Thank you for continuing to study during the National Day holiday. In today’s lesson, we will learn about the storage system. Just like the scheduling system, it is also an important infrastructure of Spark. However, you may wonder, “Do we need to understand such low-level knowledge to master Spark application development?” To be honest, yes we do. Why do I say that?

In the previous lessons, we learned about Shuffle management, RDD cache, and broadcast variables. These features and characteristics have a crucial impact on the performance of Spark jobs. And to achieve these functionalities, the underlying support system is the Spark storage system.

Learning and understanding the storage system is not only to improve our knowledge system, but it can also directly help you better utilize the features of RDD cache and broadcast variables. In the future, this knowledge will also lay a solid foundation for you to optimize Shuffle.

Since the storage system is so important, how can we efficiently and quickly master it? Following the principle of learning by applying, we need to first understand the service objects of the system, which means understanding what the storage system is used to store.

Target Audience #

In general, the Spark storage system is responsible for maintaining all data temporarily stored in memory and disk, including Shuffle intermediate files, RDD Cache, and broadcast variables.

We are familiar with these three types of data. Let’s first review what Shuffle intermediate files are. During the Shuffle computation process, the Map Task produces data and index files in the Shuffle Write phase. Next, based on the partition index provided by the index file, the Reduce Task in the Shuffle Read phase pulls its own partition data from different nodes. The Shuffle intermediate files refer to the data and index files relied upon to complete the data exchange in these two stages.

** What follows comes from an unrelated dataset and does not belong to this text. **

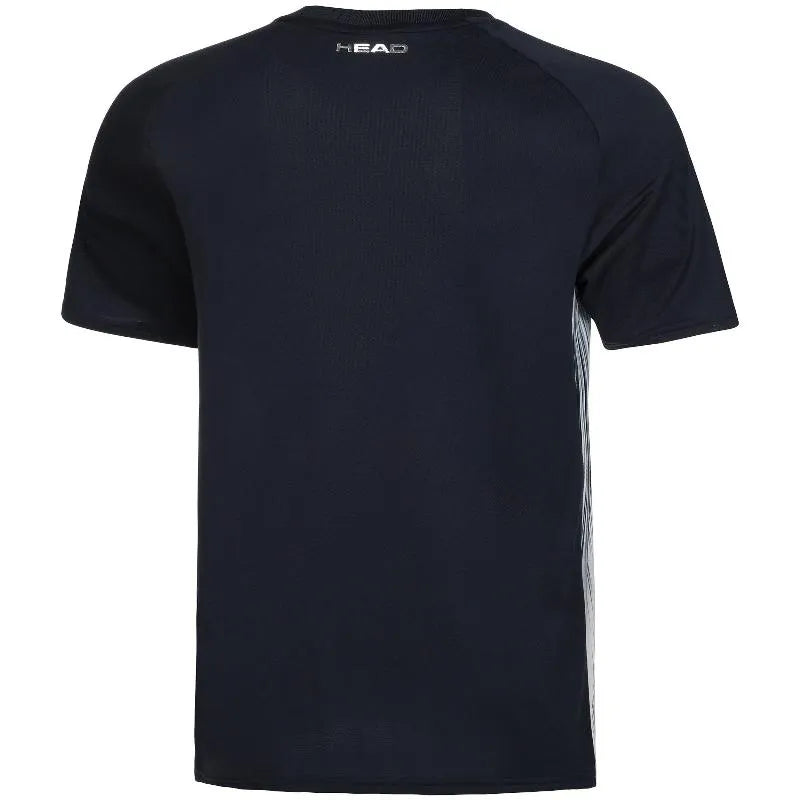 Head T-shirt Performance Marine Print - vue 2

RDD Cache refers to the materialization of distributed datasets in memory or disk, which often helps improve computing efficiency. As we mentioned in the previous lecture, broadcast variables [lecture 1] have the advantage of distributing shared variables at the granularity of Executors, greatly reducing the network and storage overhead introduced by data distribution.

We have just briefly reviewed these three types of data. If you are not particularly clear about any part, you may want to go back and review the previous lectures. We provided detailed explanations of them in lectures 7, 8, and 10, respectively. Now that we understand the main components of the storage system service, let’s take a closer look at the important components of the Spark storage system and how they collaborate.

Composition of Storage System #

The study of theory is always dry and boring. In order to help you understand the core components of the storage system more easily, let’s use the analogy of Spark International Construction Group to explain the Spark storage system.

Compared with the complex organizational relationships in the scheduling system (Dag, Task, Bacon), the personnel composition in the storage system is much simpler. In the discussion of memory management, we regarded the memory of the nodes as the construction site, and the disk of the nodes as the temporary warehouse. Therefore, the component that manages data storage can be regarded as the warehouse manager, abbreviated as “BlockManager”.

The Brookes Family #

In the Spark Construction Group, the crucial role of the warehouse manager has always been held by the Brookes family.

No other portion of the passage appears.